They helped her onto the porch as she used her hands to tug down the back of the shirt and not give a free show.

Jones followed her up the steps, took a look down the front of her shirt himself, said, “What you doing like this? Get hurt in the storm?”

“Something like that.” Sunset turned and called to Uncle Riley. “Thank you for being such a gentleman, Uncle Riley.”

“You welcome, Miss Sunset.”

“I’ll give you your shirt later. For reasons you can see, I got to hang on to it just now.”

“Yes, ma’am. That’s quite all right. You keep it you got a mind to. Reckon I better run along, get these fishes home before they go bad.”

Riley let loose the wheel brake, clucked to the mules, and the crowd parted.

One of the men in the crowd, Don Walker, said to the man next to him, “You can bet that nigger enjoyed him a peek.”

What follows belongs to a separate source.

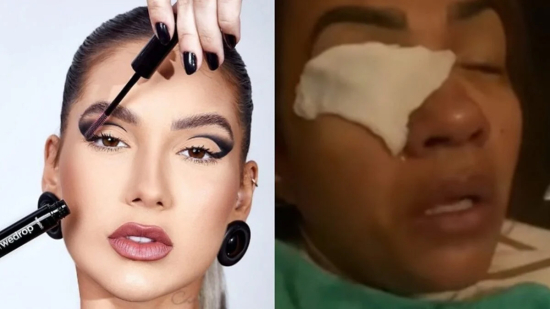 Mulher afirma ter ficado cega após usar produto da marca de Virginia Fonseca; família prepara ação judicial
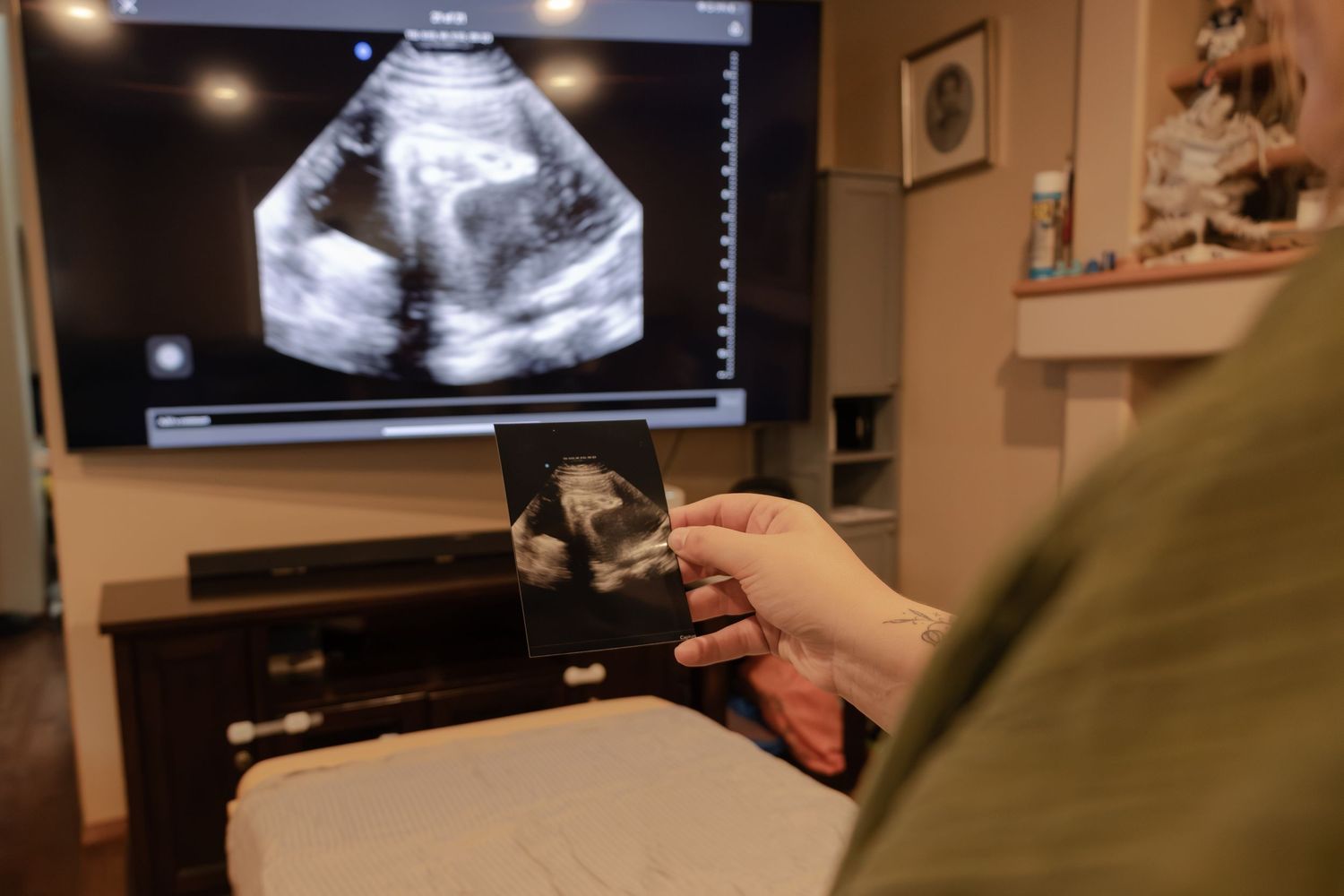 Person holding printed ultrasound photo with live baby scan displayed on large TV in background in Winnipeg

“Just hate it wasn’t me,” said the other, Bill Martin. “Even with her face all beat up like that, I’d take her.”

“Hell, Bill, you’d take a hole in the dirt.”

“Shit, I’d fuck a duck if it winked and bent over.”

“I don’t think you’d care if it winked or not.”

In the Jones house, Sunset sat down in a cane chair next to the radio and watched shadows run down the hill and over the house like spilled oil.

Sunset said, “I shot him.” She held up the gun. “With this gun. His gun. He had me on the floor hitting me. He tried to rape me. He’d raped me before. I couldn’t have it no more.”